Basic docs

2026-04-19 23:08:08 +02:00 · 2026-02-19 08:14:13 -07:00
parent 54a8678058
commit f67f569104
1 changed files with 34 additions and 0 deletions
--- a/docs/docs/configuration/semantic_search.md
+++ b/docs/docs/configuration/semantic_search.md
@@ -76,6 +76,40 @@ Switching between V1 and V2 requires reindexing your embeddings. The embeddings

 :::

+### GenAI Provider (llama.cpp)
+
+Frigate can use a GenAI provider for semantic search embeddings when that provider has the `embeddings` role. Currently, only **llama.cpp** supports multimodal embeddings (both text and images).
+
+To use llama.cpp for semantic search:
+
+1. Configure a GenAI provider in your config with `embeddings` in its `roles`.
+2. Set `semantic_search.model` to the GenAI config key (e.g. `default`).
+3. Start the llama.cpp server with `--embeddings` and `--mmproj` for image support:
+
+```yaml
+genai:
+  default:
+    provider: llamacpp
+    base_url: http://localhost:8080
+    model: your-model-name
+    roles:
+      - embeddings
+      - vision
+      - tools
+
+semantic_search:
+  enabled: True
+  model: default
+```
+
+The llama.cpp server must be started with `--embeddings` for the embeddings API, and `--mmproj <mmproj.gguf>` when using image embeddings. See the [llama.cpp server documentation](https://github.com/ggml-org/llama.cpp/blob/master/tools/server/README.md) for details.
+
+:::note
+
+Switching between Jina models and a GenAI provider requires reindexing.

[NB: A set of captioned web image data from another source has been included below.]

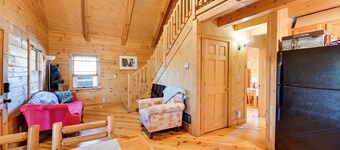 Cabin Along Rough River! Views, Fire Pit & Grill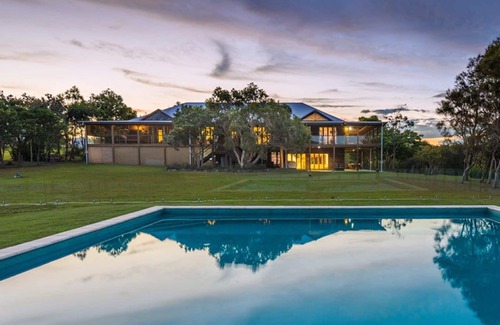 Woolgoolga House | Experience Tranquilo Beach House with Oceanfront Views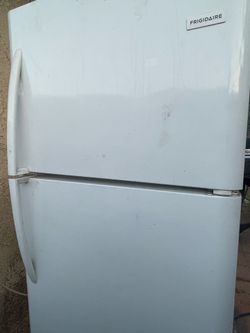 Frigidaire Refrigerator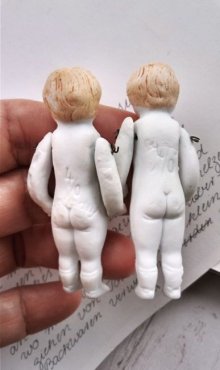 他の写真1: 白いミニチュアドール　オールビスク　ドールハウスサイズの２体セット　人形遊び　ジャーマンアンティーク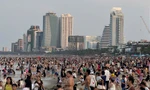 Đông nghịt người tắm biển Đà Nẵng 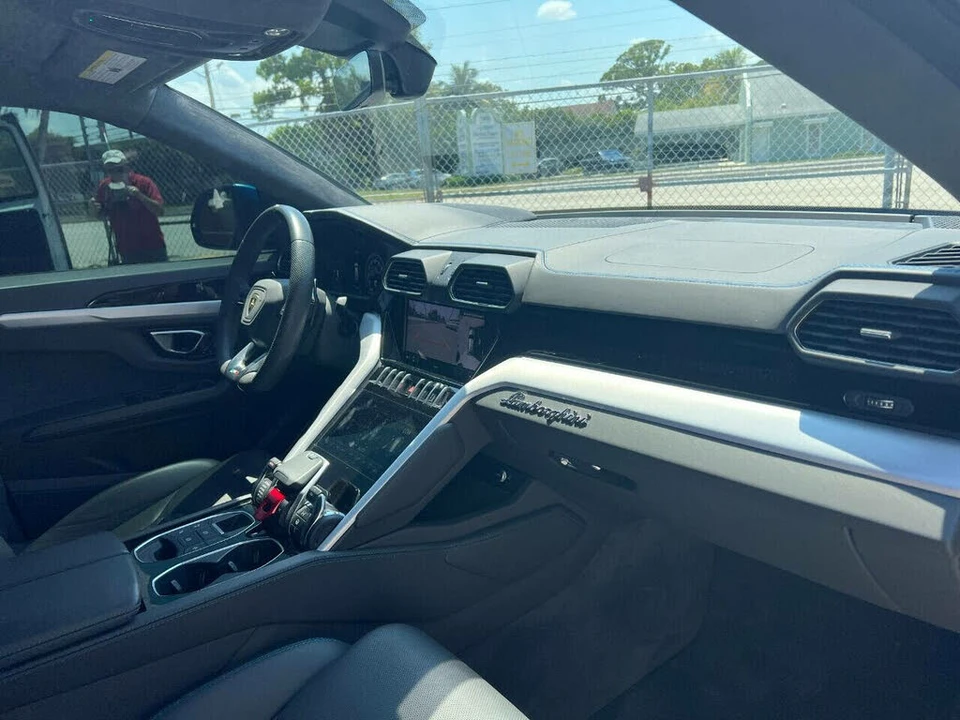 2021 Lamborghini Urus - Image 11 of 31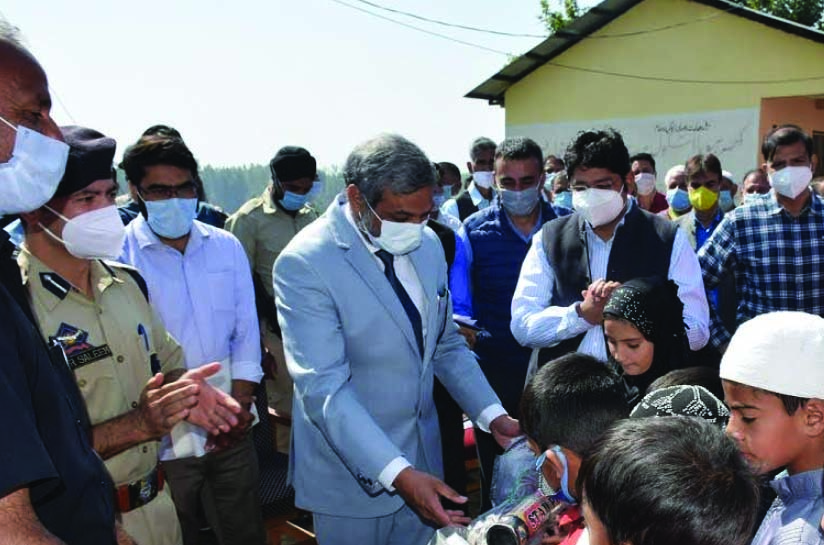 B2V3: Shaleen Kabra visits Lethpora Panchayat, lays foundation of playfields, listens to people’s issues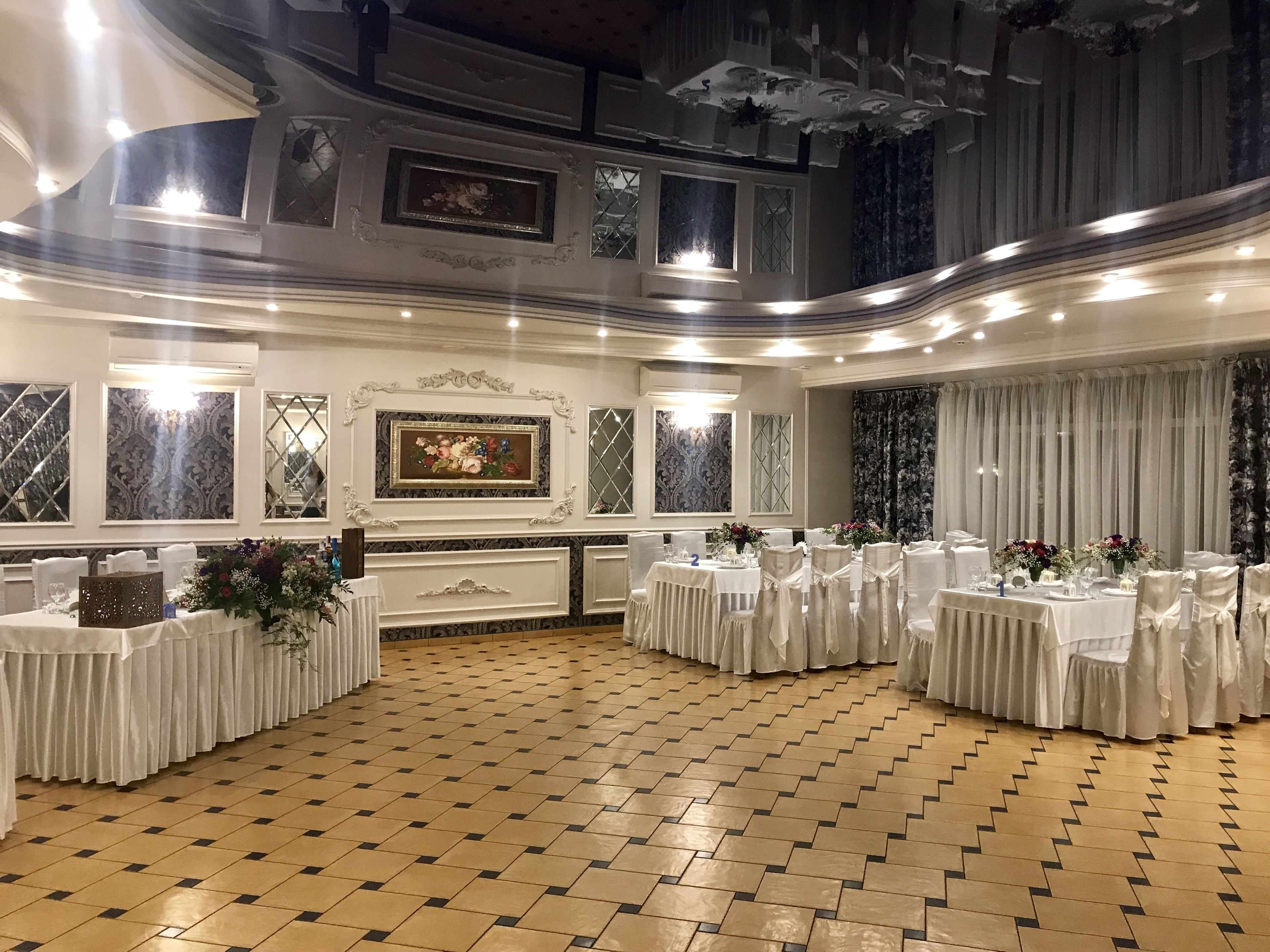 S'hi serveixen dinars i sopars 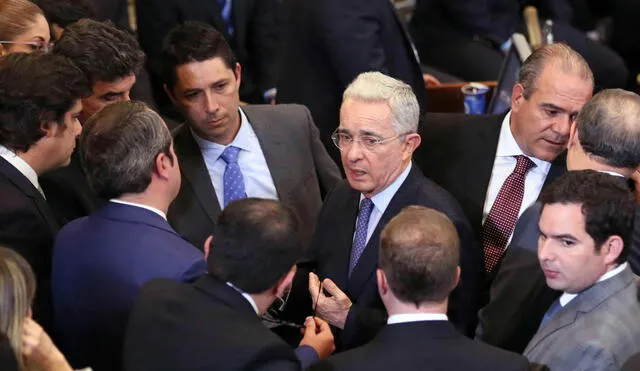 Uribe cree que se impuso presión en investigación en su contra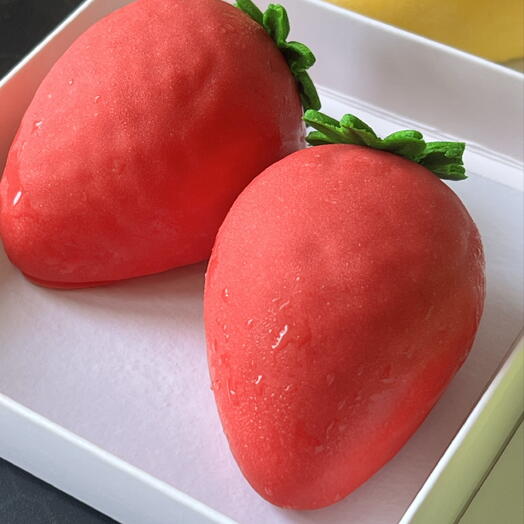 Корпусное пирожное клубника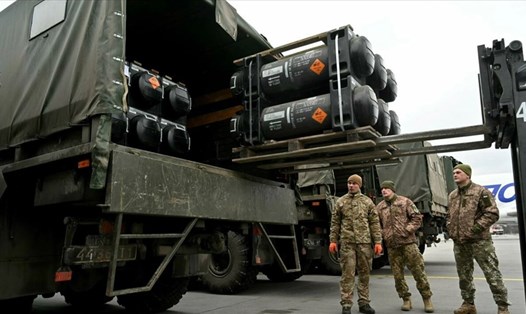Mỹ cung cấp cho Ukraina tên lửa chống tăng Javelin ngày 11.2.2022. Ảnh: AFP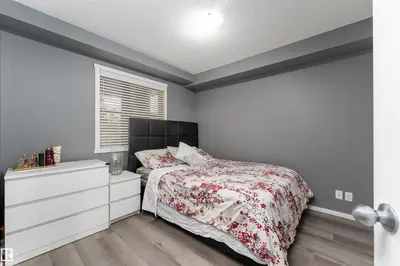 Interior photo 1 of #117 3207 JAMES MOWATT TR SW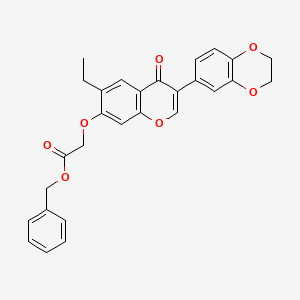 molecular formula C28H24O7 B3010348 Benzyl 2-[3-(2,3-dihydro-1,4-benzodioxin-6-yl)-6-ethyl-4-oxochromen-7-yl]oxyacetate CAS No. 610762-94-2
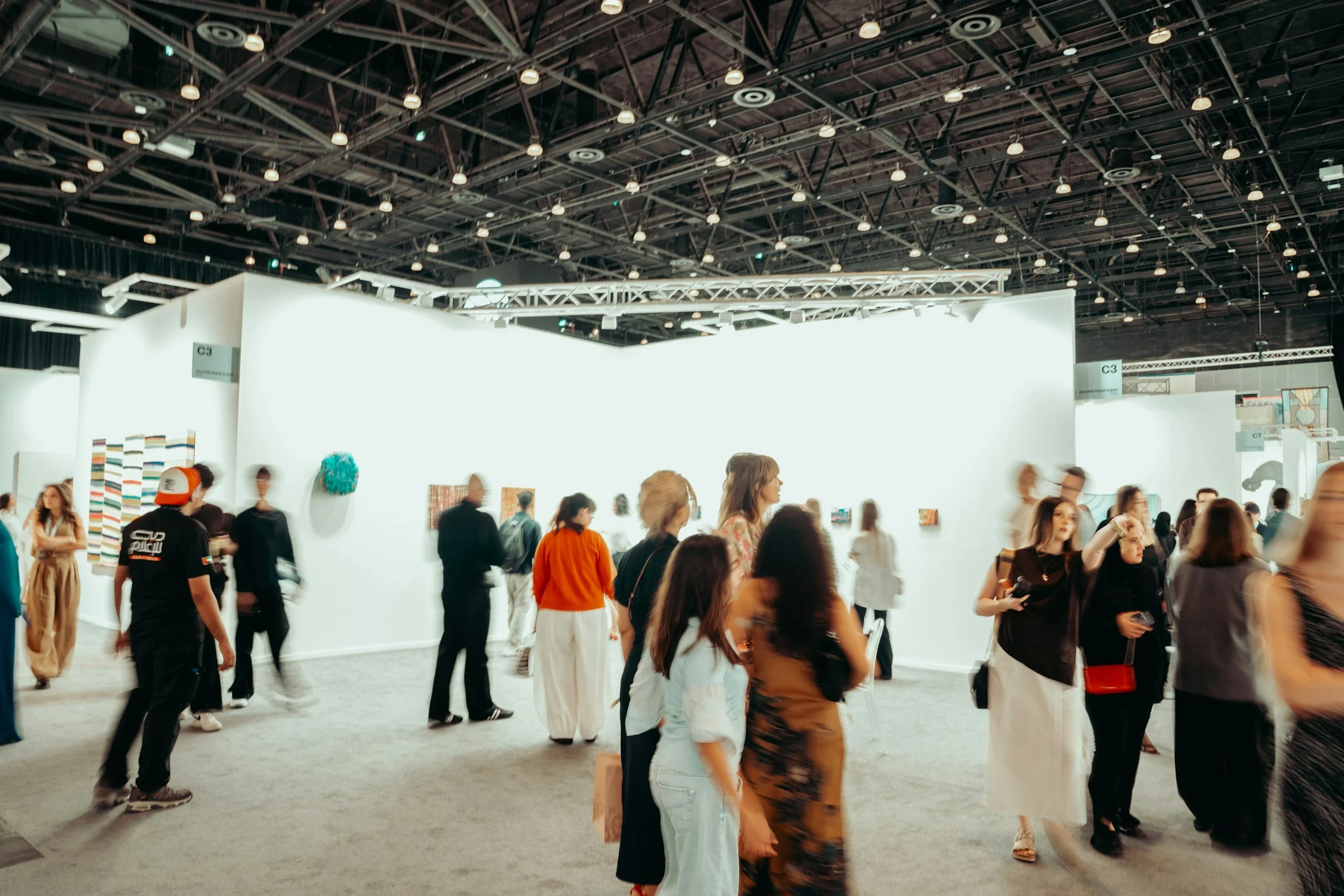 The Art Acquisition Playbook: A Practical Guide to Buying Art Through Galleries &amp; International Art Fairs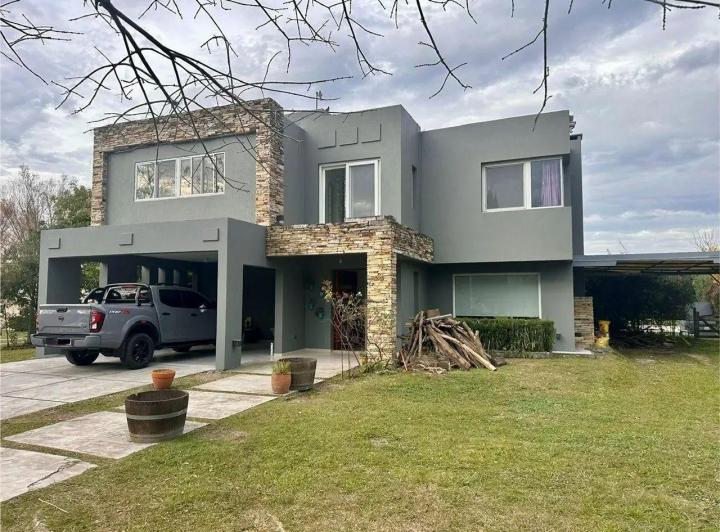 Casa · 239m² · 6 Ambientes · 4 Cocheras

Embeddings from different backends are incompatible.
+
+:::
+
 ### GPU Acceleration

 The CLIP models are downloaded in ONNX format, and the `large` model can be accelerated using GPU hardware, when available. This depends on the Docker build that is used. You can also target a specific device in a multi-GPU installation.